MHB Correctness of Statements about Set A in Metric Space X

[Euge]

Furthermore, since $A$ has empty interior, $A$ cannot be open, making (c) the correct answer.

 

[I like Serena]

I do not see how $A$ has empty boundary. The closure of $A$ is $[0,1]$ since the irrationals are dense in the reals, and $A$ has empty interior since the rationals are dense in the reals. So wouldn't $\partial A$, being $\bar{A} - \operatorname{Int}(A)$, equal $[0,1]$?
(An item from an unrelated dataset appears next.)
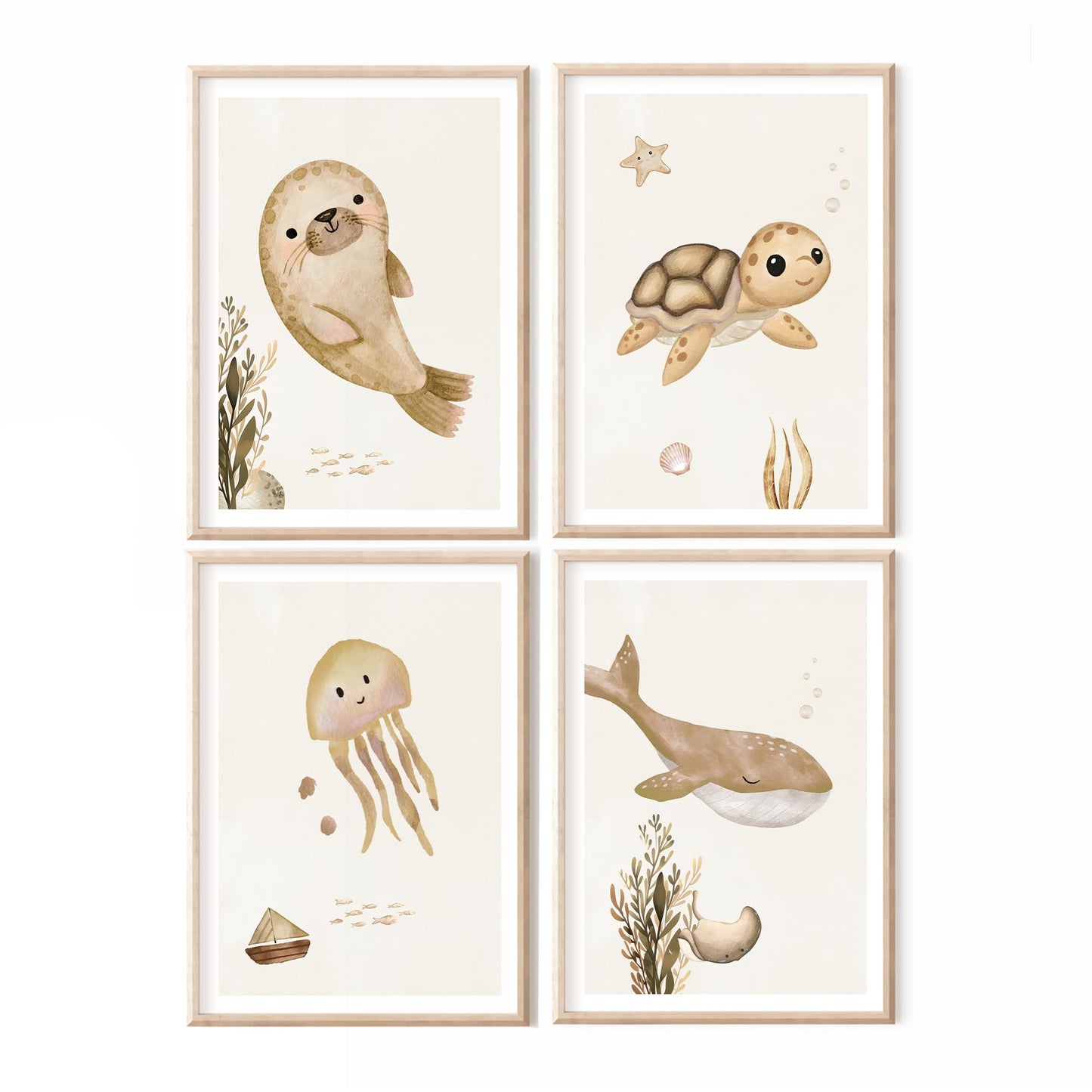 Kinderzimmerposter_Unterwasserwelt_beige_A4_4er_Set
The topology is $X=\mathbb R\setminus\mathbb Q$ with the usual metric.
So none of the rationals can be part of either the interior or the boundary.
So the closure of $A$ is $[0,1]\setminus \mathbb Q$, which is the same as the interior of $A$, making the boundary $\partial A$ empty, doesn't it?

 

[Euge]

Looking back at the original question, it appears that I overlooked that $A$ inherits the subspace topology relative to $X$, not to $\Bbb R$. My apologies. Certainly $A = (0,1) \cap X$, which is relatively open in $X$, and $X - A = (\Bbb R - \Bbb [0,1]) \cap X$, which is relatively open in $X$; thus, $A$ is both open and closed in $X$, so that $A$ has empty boundary.